## Input:
• • • • •

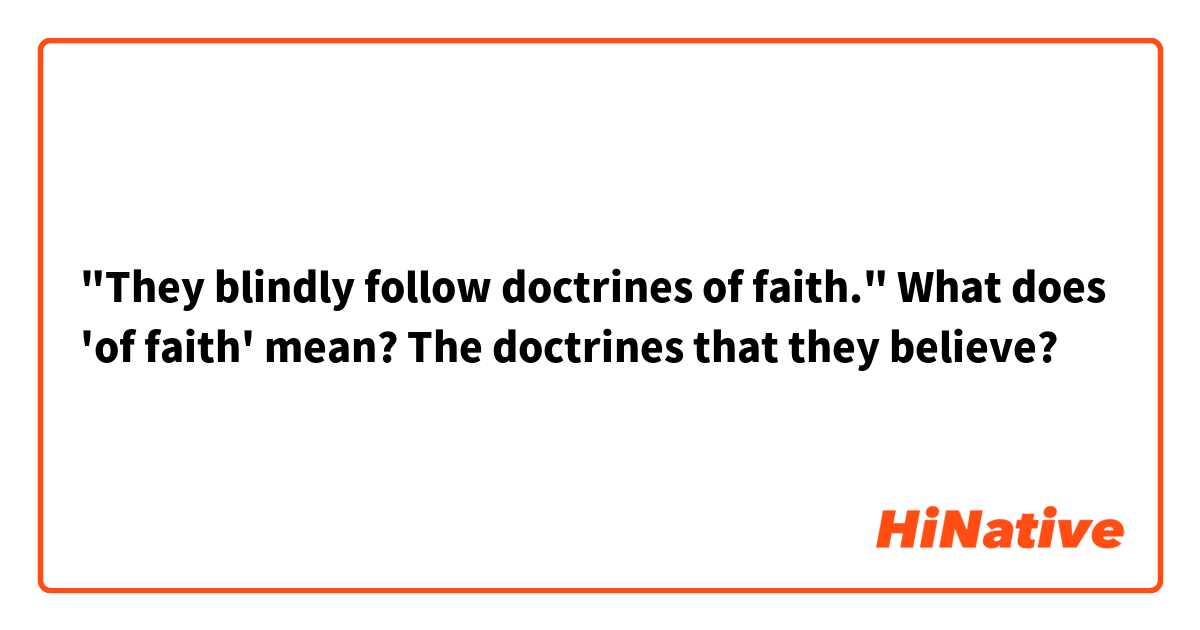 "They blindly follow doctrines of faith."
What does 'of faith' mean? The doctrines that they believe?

• • • • •

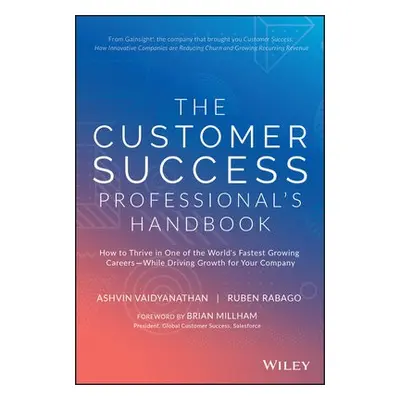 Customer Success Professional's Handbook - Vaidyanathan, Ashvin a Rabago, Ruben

• • • • •

## Work item:
Quote word for word only the lines above from the one containing "blindly follow doctrines" through the one containing "What does 'of". Pictures stay out of your copy.

## Expected output:
 "They blindly follow doctrines of faith."
What does 'of faith' mean? The doctrines that they believe?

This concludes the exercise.